(Source data)
********************
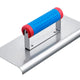 R.S.T. Cement Edger Soft Touch Handle 10 x 5in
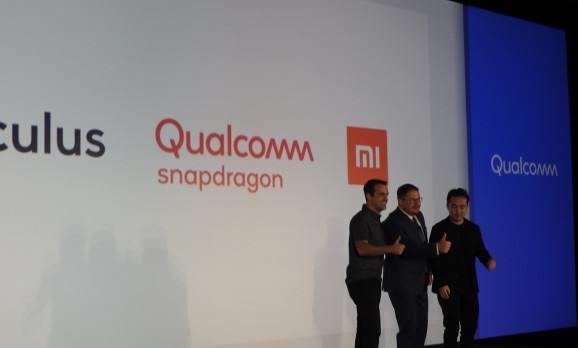 芯片▲高通875芯片突然被确认！国内厂商将加速逃离？华为中兴等做对了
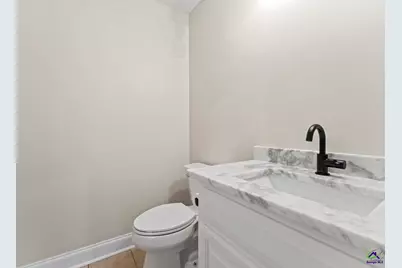 133 Lanier Loop, Kathleen, GA 31047 - Photo 20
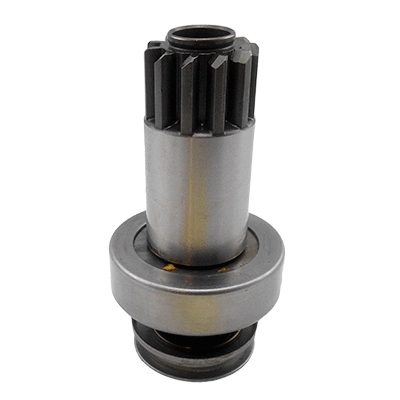 Pinion, starter (47215)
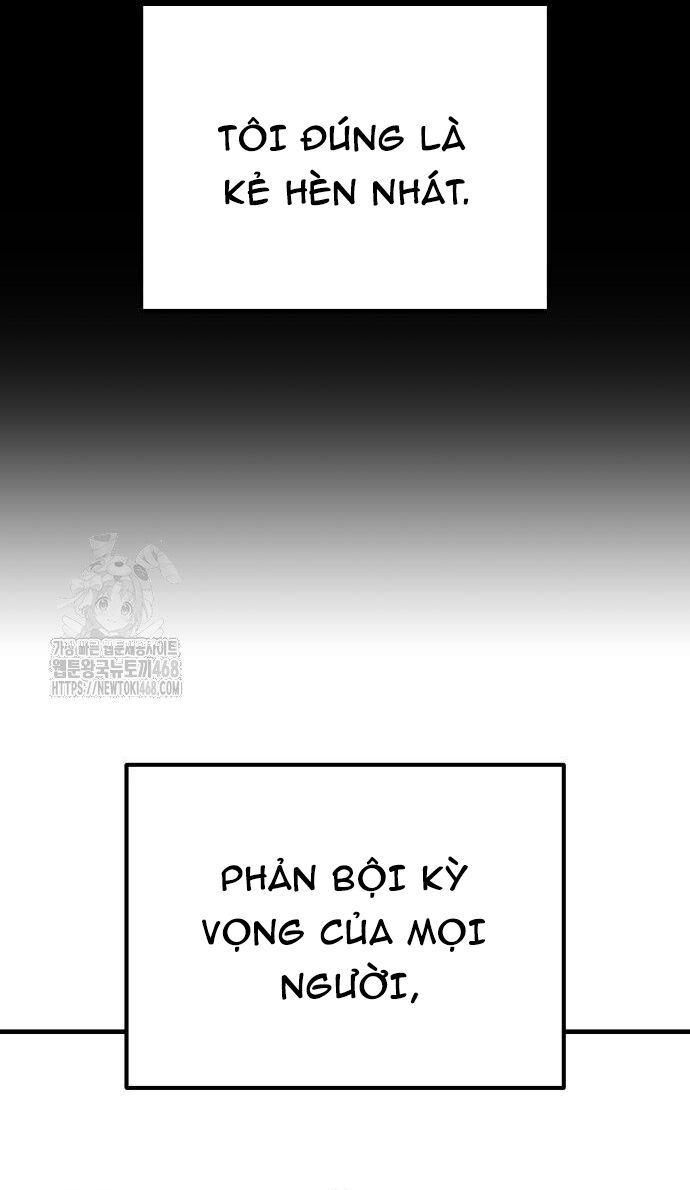 page_129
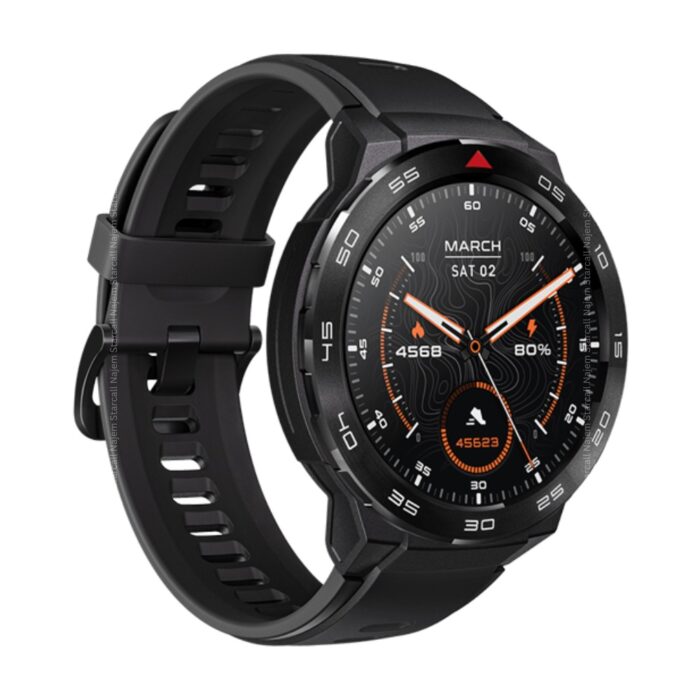 Mibro Watch GS Pro - Image 5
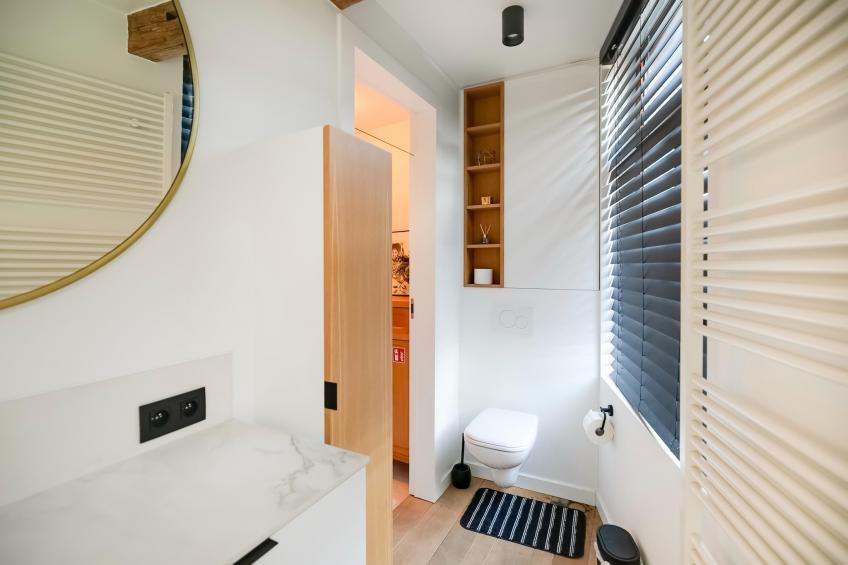 In Sint Lambertus - foto 32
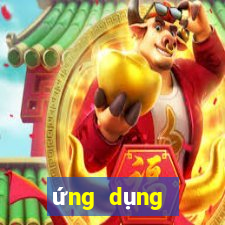 ứng dụng định danh điện tử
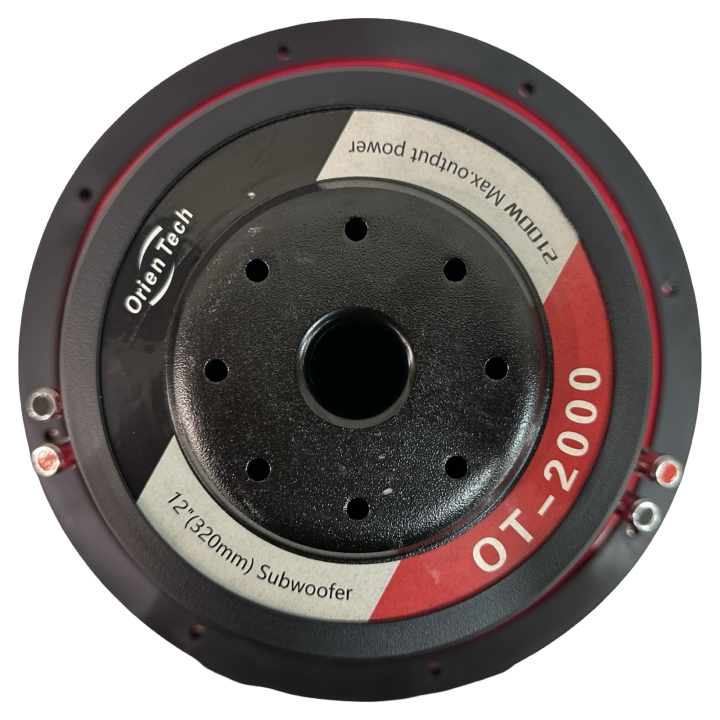 Orientech%20OT-2000%2012%20Inch%20Subwoofer%202100W%20Max%20%7C%20700W%20RMS%20%7C%20Dual%204%20Ohm%20(4+4%CE%A9)%20%7C%20Heavy%20Bass%20Car%20Sub%20%7C%2056oz%20x2%20Magnet%20%7C%20Deep%20Low%20Frequency%20Woofer%20-%20Image%204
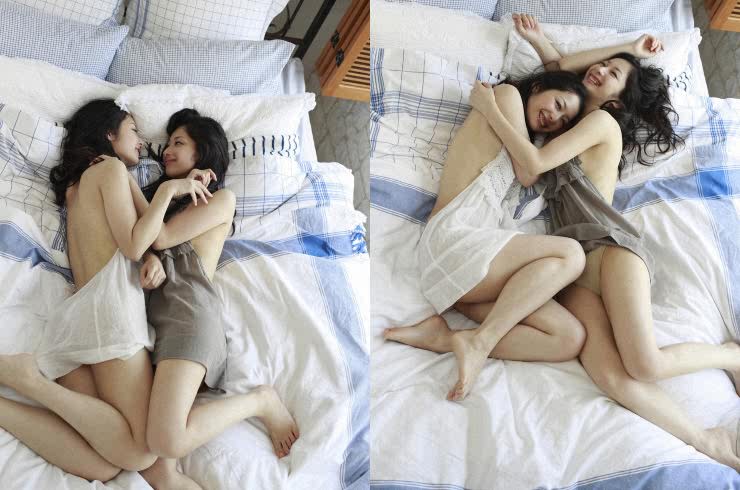 NSFW Sunday Wants To Give You Sex Toys, Hear Your Stories and Kiss You All Year Long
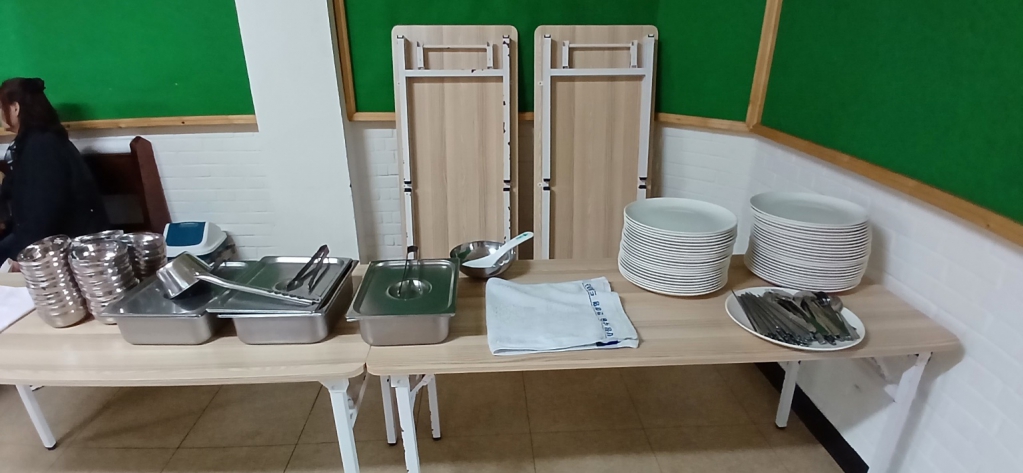 KakaoTalk_20240317_163442212_04.jpg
********************
### [Work request]
What is needed is every record above, returned exactly, with the pictures omitted.

### [Written answer]
 R.S.T. Cement Edger Soft Touch Handle 10 x 5in
 芯片▲高通875芯片突然被确认！国内厂商将加速逃离？华为中兴等做对了
 133 Lanier Loop, Kathleen, GA 31047 - Photo 20
 Pinion, starter (47215)
 page_129
 Mibro Watch GS Pro - Image 5
 In Sint Lambertus - foto 32
 ứng dụng định danh điện tử
 Orientech%20OT-2000%2012%20Inch%20Subwoofer%202100W%20Max%20%7C%20700W%20RMS%20%7C%20Dual%204%20Ohm%20(4+4%CE%A9)%20%7C%20Heavy%20Bass%20Car%20Sub%20%7C%2056oz%20x2%20Magnet%20%7C%20Deep%20Low%20Frequency%20Woofer%20-%20Image%204
 NSFW Sunday Wants To Give You Sex Toys, Hear Your Stories and Kiss You All Year Long
 KakaoTalk_20240317_163442212_04.jpg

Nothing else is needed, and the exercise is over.